[Dataset records]

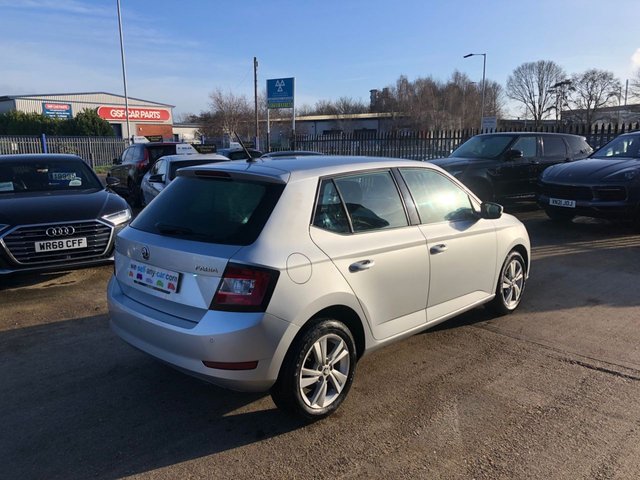 2019 SKODA FABIA 2019 1.0 TSI SE Hatchback 5dr Petrol Manual Euro 6 (s/s) (95 ps) cambelt  changed @ 73865 miles - Photo 9
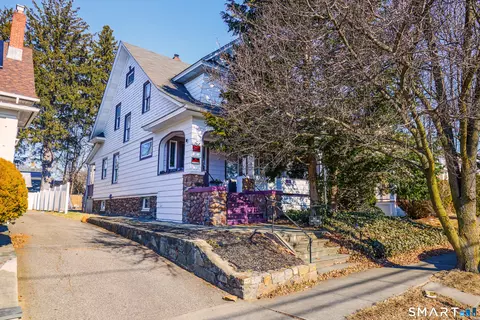 74 Harlem Ave, Bridgeport, CT 06606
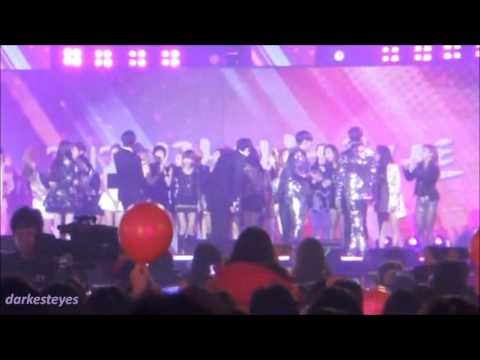 [Fancam] 121111 f(x) - Ending at Love Sharing Concert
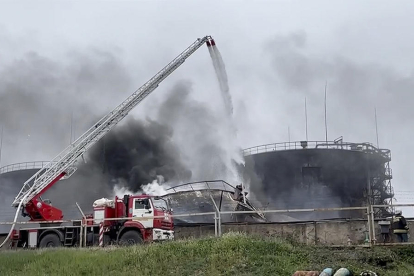 Les flames, avivades pel combustible, van provocar denses columnes de fum visibles a quilòmetres de distància.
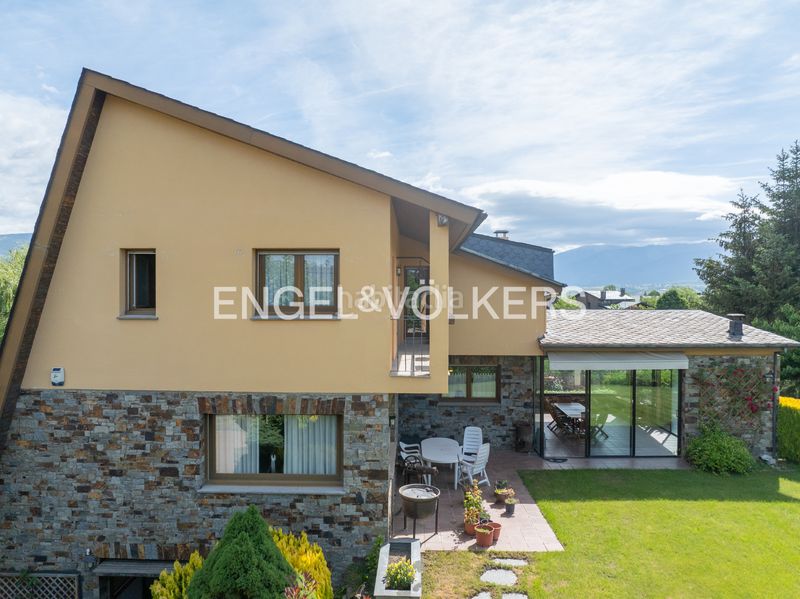Foto 52c4f4c8-4cd0-48a0-b314-c6eefdf1f5e9. Casa amb xemeneia calefacció aparcament a Puigcerdà
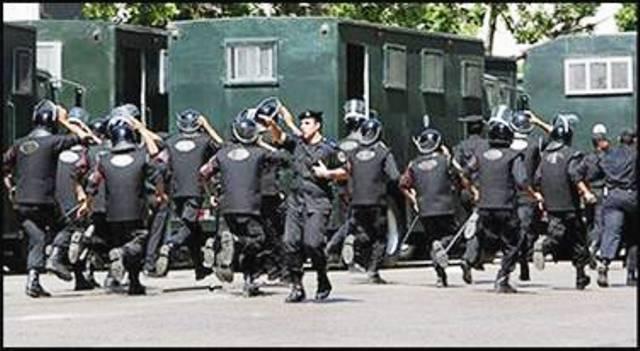 وصول سيارات أمن مركزي أمام جامعة القاهرة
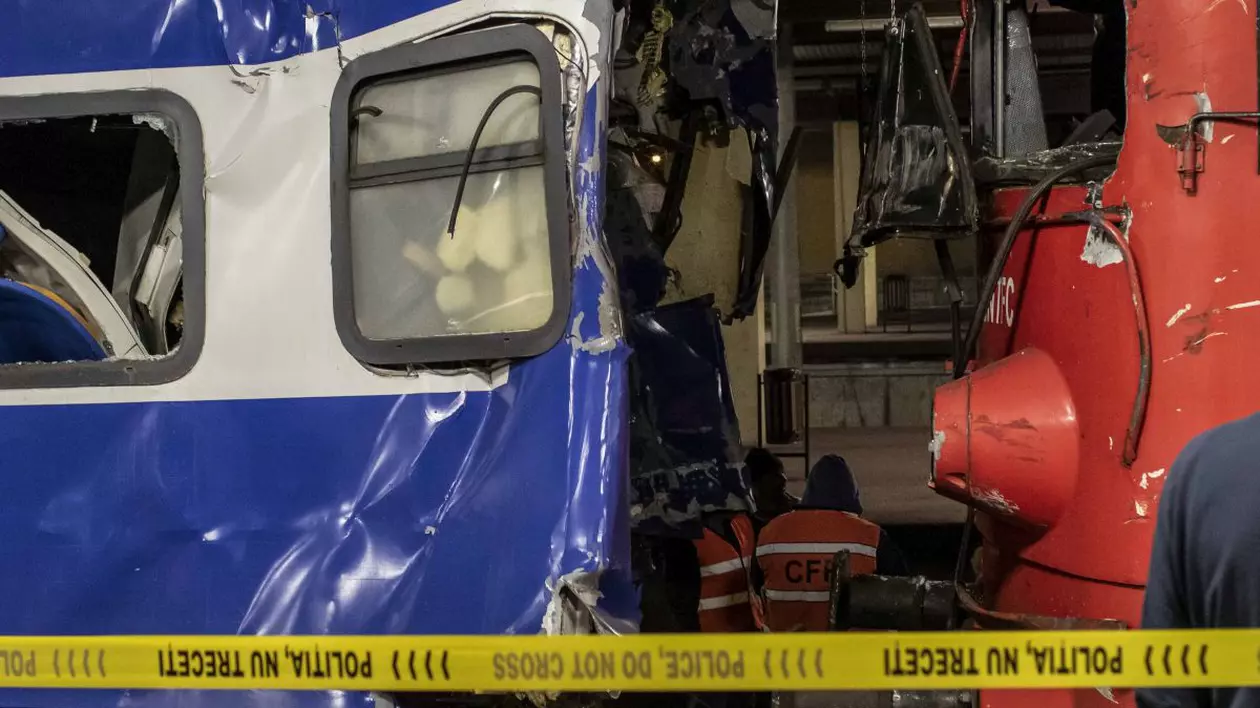 Impact violent în gara din Galați între o locomotivă și trenul la care urma să fie cuplată. O femeie, conductorul trenului, a murit la spital
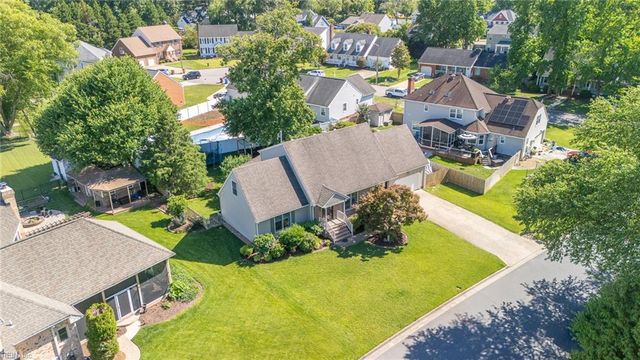 635 Foxgate Quarter DR, Chesapeake, VA 23322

[/Dataset records]

Return the full set of lines above word for word and with no pictures.

# Response box:
 2019 SKODA FABIA 2019 1.0 TSI SE Hatchback 5dr Petrol Manual Euro 6 (s/s) (95 ps) cambelt  changed @ 73865 miles - Photo 9
 74 Harlem Ave, Bridgeport, CT 06606
 [Fancam] 121111 f(x) - Ending at Love Sharing Concert
 Les flames, avivades pel combustible, van provocar denses columnes de fum visibles a quilòmetres de distància.
Foto 52c4f4c8-4cd0-48a0-b314-c6eefdf1f5e9. Casa amb xemeneia calefacció aparcament a Puigcerdà
 وصول سيارات أمن مركزي أمام جامعة القاهرة
 Impact violent în gara din Galați între o locomotivă și trenul la care urma să fie cuplată. O femeie, conductorul trenului, a murit la spital
 635 Foxgate Quarter DR, Chesapeake, VA 23322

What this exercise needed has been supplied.